Hola!
Previously thank you very much for your help with yolov8n and custom dataset, but here I found a new problem.
The inference of Vim3 Pro on Yolov8n takes 0.06sec (on my data it’s 0.04sec) and wow! that’s fast!
But the leftover process of working with data takes 0.338 - 0.06 = 0.278sec
The issue lies mainly in the bottleneck introduced by post-processing of the outputs, the NPU is definitely in action and doing inference with the model.
Python itself could be attributed to the reason of the slow processing as it’s a single threaded for doing the post process, so this performance drop is platform agnostic.
The KSNN code samples for YOLOv8n is considered as a template for creating an optimized model that will run on the NPU.
There are some ways you can try to improve the efficiency of this post processing.
Implementing your own multi-threaded post processing code, a recommendation would be with python multiprocessing lib, optimized python interpreter like pypy, or numba, or even something more experimental like your own OpenCL post processing…
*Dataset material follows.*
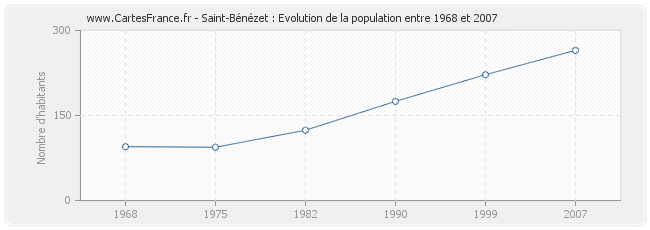 Population Saint-Bénézet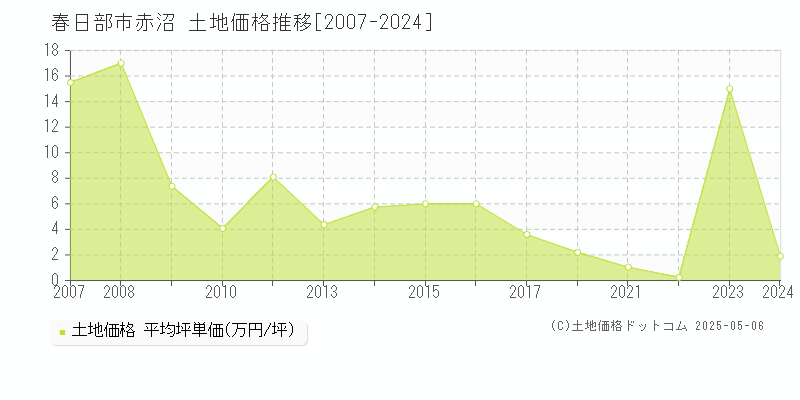 春日部市赤沼の土地価格推移グラフ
please note the number of possible ways to do the post processing steps is huge, and we have not gotten to test all of them, but it would be interesting to come up with something innovative.
Thank you very much for your advice, actually I already was thinking about numba
I’ll try numba and subprocesses, haven’t worked with OpenCL, but maybe I’ll try
Hello! Were you able to speed it up? The demo’s post processing is too slow for actual use. It is doing slow matrix calculations. I wasn’t able to optimzie it.